LA CHRONIQUE de François d’Orcival
Sous les IIIe et IVe Républiques, les réfugiés en grand nombre étaient « mis à l’abri » dans des « centres fermés ».
Des « centres fermés »… L’idée n’est pas nouvelle, elle nous vient de la République (IIIe du nom), radicale, socialiste, humaniste et « fraternelle », qui n’avait guère d’états d’âme à l’égard de ses réfugiés.
Elle avait pourtant tous les motifs d’être accueillante, entourée qu’elle était par les dictatures hitlérienne et mussolinienne, alors que se déroulait en Espagne une atroce guerre civile entre communistes et anarchistes d’un côté, franquistes nationalistes de l’autre.

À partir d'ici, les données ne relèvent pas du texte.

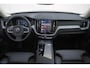 Volvo XC60 T8 AWD Ultra Dark | Luchtvering | Premium Harman/Kardon Audio | Stoel/Stuurverwarming | Achterbank verwarmd | 21" Velgen | Semi Elektr. Trekhaak | Panoramisch Schuif-Kanteldak |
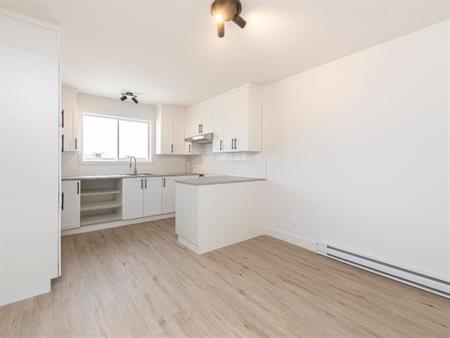 3 1/2 À LOUER À MASCOUCHE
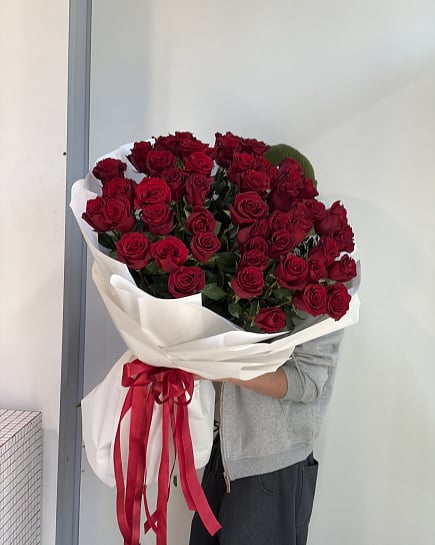 Классический букет из красных роз с доставкой по Астане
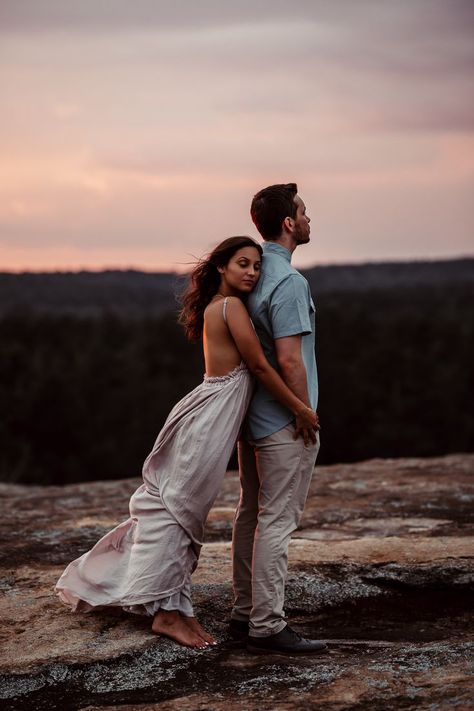 by @benxvicky | Adventure session at Arabia Mountain | sunset engagement photos | destination wedding photographer | elopement photographer | www.benxvicky.com Biltmore Engagement, Funny Engagement Photos, Engagement Pictures Beach, Sunset Engagement Photos, Wedding Fotos, Engagement Picture Outfits, Engagement Photos Country, Couple Engagement Pictures, Mountain Engagement Photos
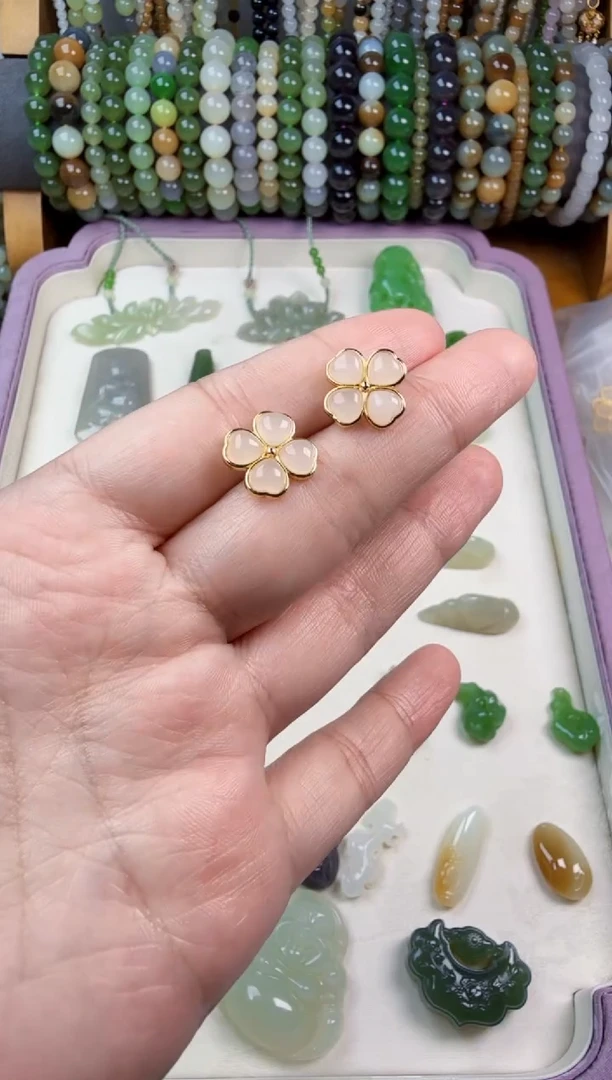 银S925镶嵌和田玉耳饰四叶草耳钉多样性发其一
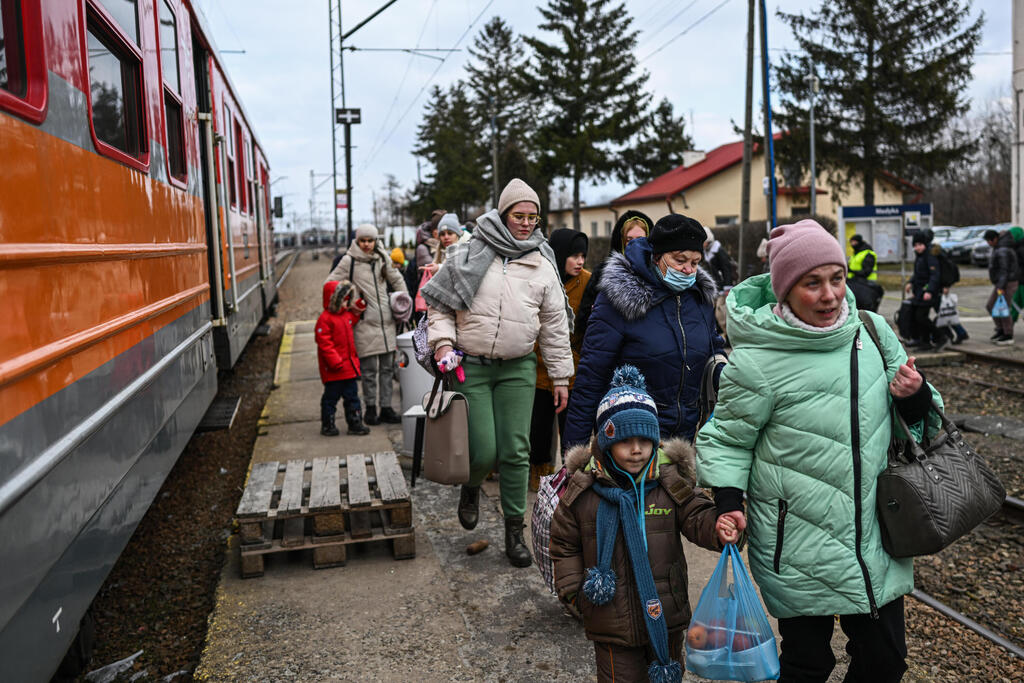 נשים וילדים שברחו מאוקראינה בתחנת רכבת בגבול הפולני. בורחים מערבה, בנתיב שמוביל בחלקו מערבה (צילום: Getty Images ) נשים וילדים ש ברחו מ אוקראינה הולכים ל עלות על רכבת כדי ל העביר אותם ל תחנת ה רכבת ה ראשית של פשמישל ל אחר ש חצו את מעבר ה גבול ה פולני ה אוקראיני משבר מלחמה רוסיה אוקראינה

La France avait vu arriver 150 000 réfugiés espagnols durant les premières années de cette guerre.
A la fin de 1938 et au début de 1939, quelque 500 000 autres traversèrent les Pyrénées. Près des deux tiers furent dirigés vers des camps où ils furent
« mis à l’abri ».
Par souci de protection du territoire.
Un premier décret, du 2 mai 1938, indiquait :
« Le nombre sans cesse croissant d’étrangers résidant en France impose au gouvernement d’édicter certaines mesures que commande impérieusement le souci de la sécurité nationale, de l’économie générale du pays et de la protection de l’ordre public. »
Les mesures annoncées firent l’objet d’un décret-loi du 12 novembre 1938. Les étrangers jugés « indésirables », disait-il,
« seront astreints à résider dans des centres dont la désignation sera faite par décret… »
Les centres fermés en question furent rapidement construits, surtout dans le Midi : Argelès, Agde, Collioure, Canjuers, Rivesaltes, etc., tandis que d’autres réfugiés étaient embarqués pour l’Algérie.
Toutes choses décidées par un président du Conseil radical, Edouard Daladier (qui venait de signer les accords de Munich), et un ministre de l’Intérieur, Albert Sarraut, « vieux routier » tout aussi radical. Ces camps demeureront sous l’Occupation.
A la Libération, la IVe République prévoira dans le préambule de sa Constitution que « tout homme persécuté en raison de son action en faveur de la liberté a droit d’asile sur le territoire de la République ».
C’est l’origine du droit actuel. La convention de Genève de 1951, inspirée par les persécutions de la Shoah et les déplacements de populations d’après-guerre, prolongera le droit des
« réfugiés et apatrides ».
Hors l’accueil des persécutés et des combattants de la liberté, le droit d’asile ne s’impose pas ; il est de la seule souveraineté de l’Etat. En France, ce principe remonte aux Capétiens.